---------- Data excerpts

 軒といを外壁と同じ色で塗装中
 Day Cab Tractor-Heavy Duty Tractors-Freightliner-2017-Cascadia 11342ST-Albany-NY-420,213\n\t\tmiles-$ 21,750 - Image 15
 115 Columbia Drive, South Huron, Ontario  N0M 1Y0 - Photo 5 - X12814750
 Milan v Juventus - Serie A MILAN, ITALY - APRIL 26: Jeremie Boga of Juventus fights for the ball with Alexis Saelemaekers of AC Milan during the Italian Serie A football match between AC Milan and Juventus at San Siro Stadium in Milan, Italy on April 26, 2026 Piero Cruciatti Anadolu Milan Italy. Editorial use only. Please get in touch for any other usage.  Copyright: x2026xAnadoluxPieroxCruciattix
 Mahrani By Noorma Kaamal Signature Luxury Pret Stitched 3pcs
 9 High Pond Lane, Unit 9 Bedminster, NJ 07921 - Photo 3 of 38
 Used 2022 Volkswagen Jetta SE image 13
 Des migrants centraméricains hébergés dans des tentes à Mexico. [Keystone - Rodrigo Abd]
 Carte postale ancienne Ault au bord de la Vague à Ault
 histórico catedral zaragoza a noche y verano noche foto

--------------------

• _Exercise requirements_: Only the lines from the one with "Mahrani By Noorma" to the end of the entries above belong in your answer. Retype them exactly.

• _Reply_:
 Mahrani By Noorma Kaamal Signature Luxury Pret Stitched 3pcs
 9 High Pond Lane, Unit 9 Bedminster, NJ 07921 - Photo 3 of 38
 Used 2022 Volkswagen Jetta SE image 13
 Des migrants centraméricains hébergés dans des tentes à Mexico. [Keystone - Rodrigo Abd]
 Carte postale ancienne Ault au bord de la Vague à Ault
 histórico catedral zaragoza a noche y verano noche foto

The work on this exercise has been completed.